The edition I pull these questions from came from the mid 1980s so sometimes the questions aren’t entirely up to date. I could insert some other enemy group from a much more recent war/threat of war and answer the question that way:
I don’t know. A suspicion isn’t evidence. A lot of people were accused of being communists that had no ties to the group. Anyone who looks or sounds a bit “foreign” is a possible terrorist to some people. Babies get put on no-fly-lists because a name matches someone authorities are looking for. Maybe the person is already being investigated. Maybe this person is innocent. I’d have a duty to disclose my concerns if I thought I could offer up better proof than a hunch or report on a random memory of iffy conversation with the person. That’s all I got.

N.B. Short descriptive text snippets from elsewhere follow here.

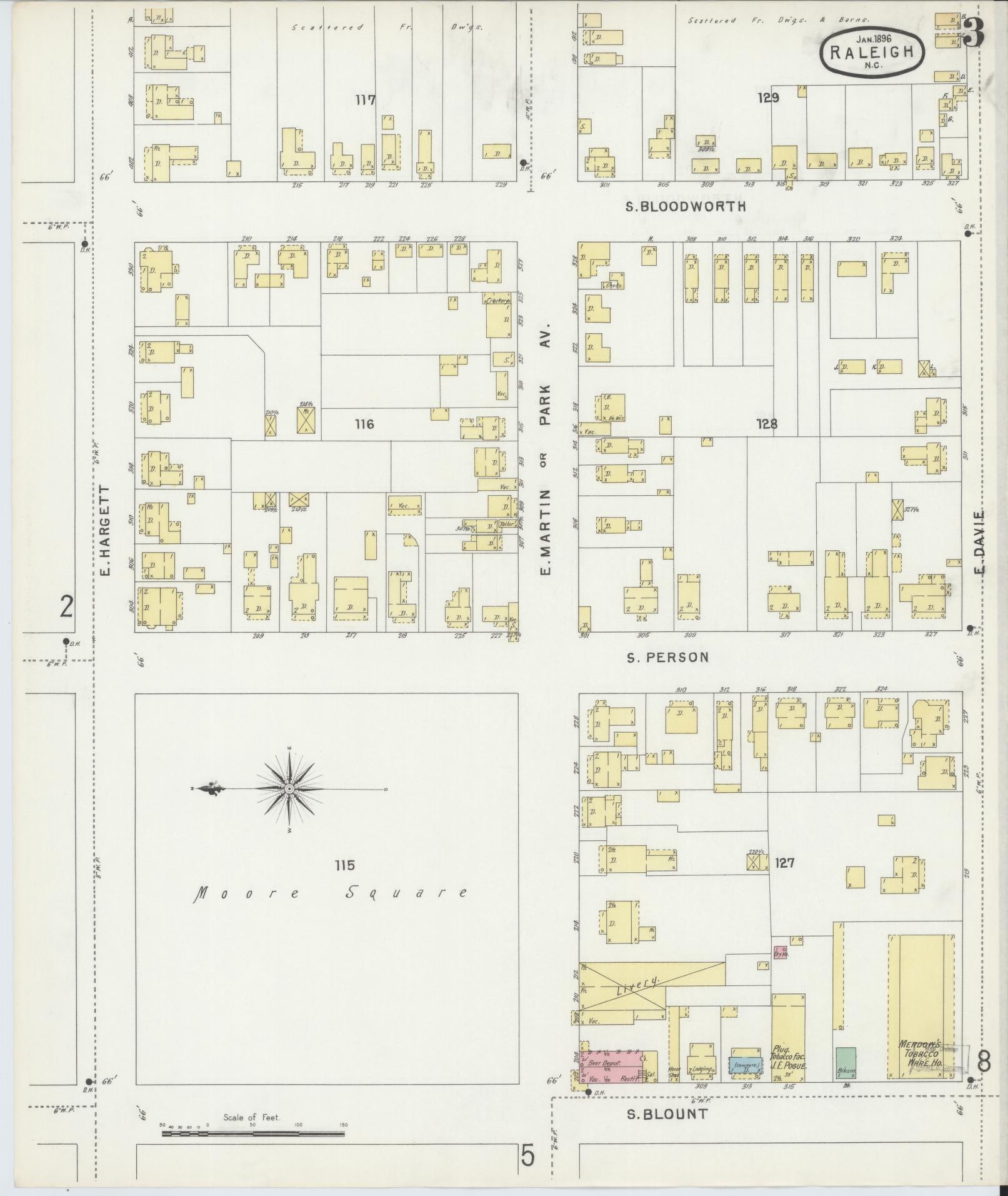 Sanborn Fire Insurance Map from Raleigh, Wake County, North Carolina (1896), Sheet #0003 - Complete Map Set gallery image, historic Sanborn map, vintage wall art, North Carolina North Carolina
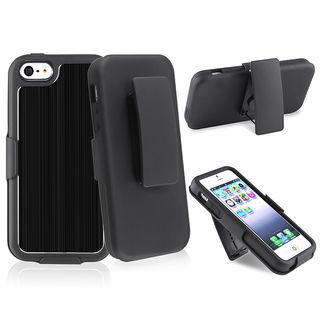 BasAcc Black Brushed Aluminum Holster with Stand for Apple iPhone 5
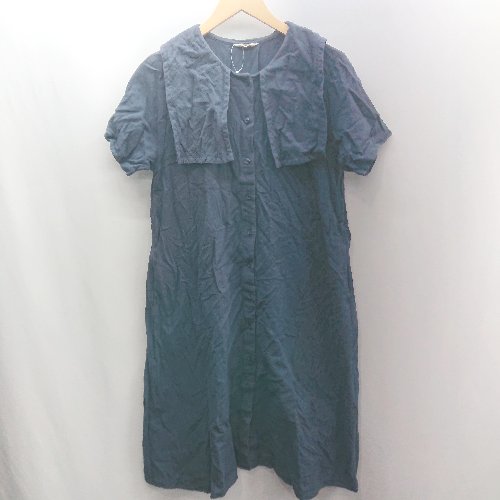 ◇ ⊂ Samansa Mos2 サマンサ モスモス 半袖 膝下丈 ワンピース サイズF ネイビー系 レディース E 【中古】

The question actually reminded me of a book I was reading for a book club group but I never made it to the meeting. The book was the Reader by Bernhard Schlink. In it, the adult narrator is reminiscing about a brief affair he had with an older woman when he was a teen. Later on in college, he was in a law class and had to attend a trial for war criminals. His past lover turned out to be one of the women on trial; she’d been a guard at a women’s camp during WWII in Germany. The case itself hinged on documents supposedly written by her detailing the deaths of several Jewish women in her charge during a forced march to another concentration camp. The dilemma faced by the narrator at the time: he had begun to suspect she was completely illiterate and could not possibly have written the report. Should he confess that knowledge to the judge?
Kate Winslet won best actress for the film version, apparently. I don’t keep up on awards. Good for her. I see my local library has it so I think I should borrow it.